* [Given data]:
····················

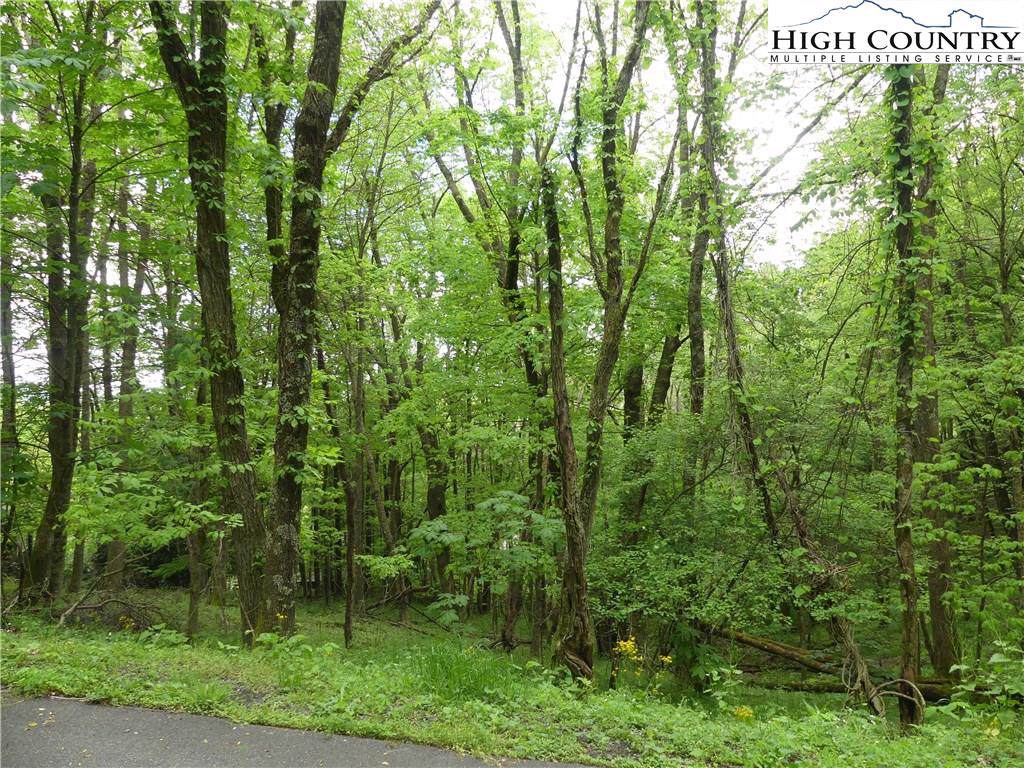 TBD Knob Hill Lane - Photo 1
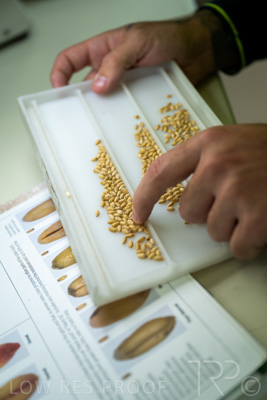 January 2023 / TUMBY-BAY_230105_153_WebRes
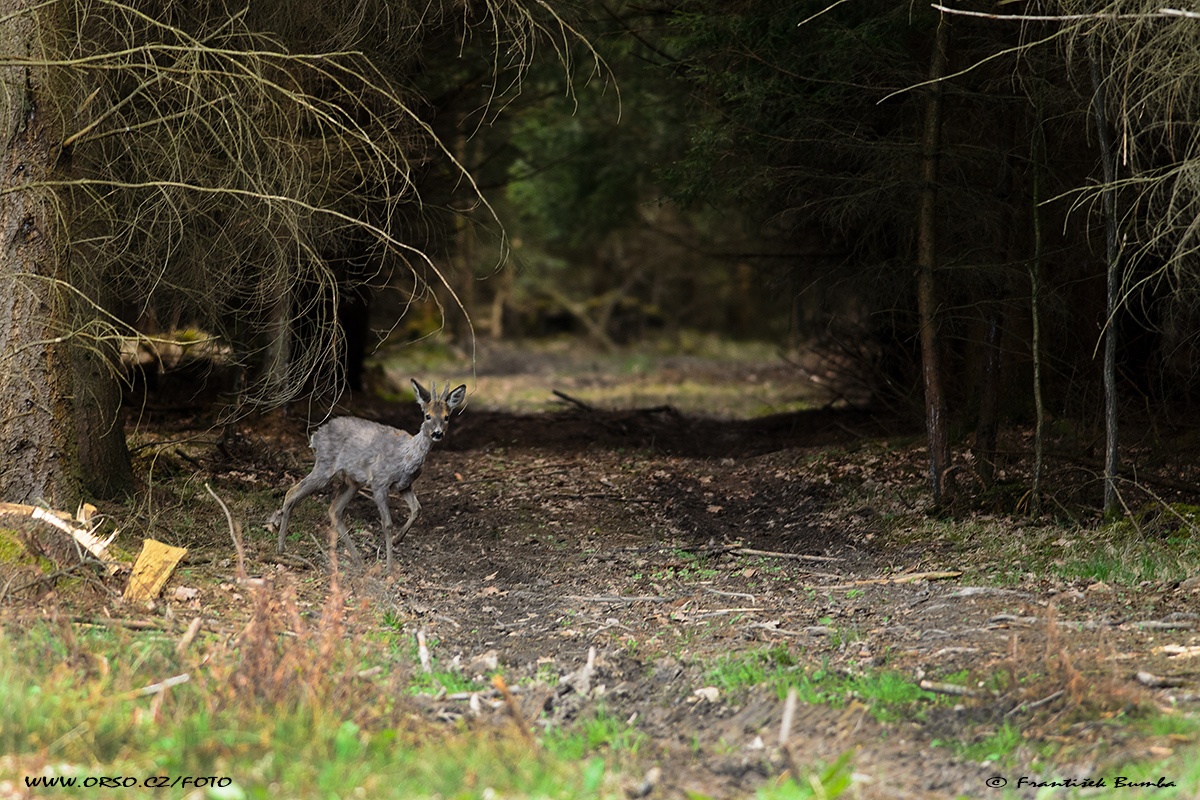 Srnec obecný (Capreolus capreolus)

····················

* [Description of the task]:
Your reply must match the data above line for line, except that it holds no pictures.

* [Exercise response]:
 TBD Knob Hill Lane - Photo 1
 January 2023 / TUMBY-BAY_230105_153_WebRes
 Srnec obecný (Capreolus capreolus)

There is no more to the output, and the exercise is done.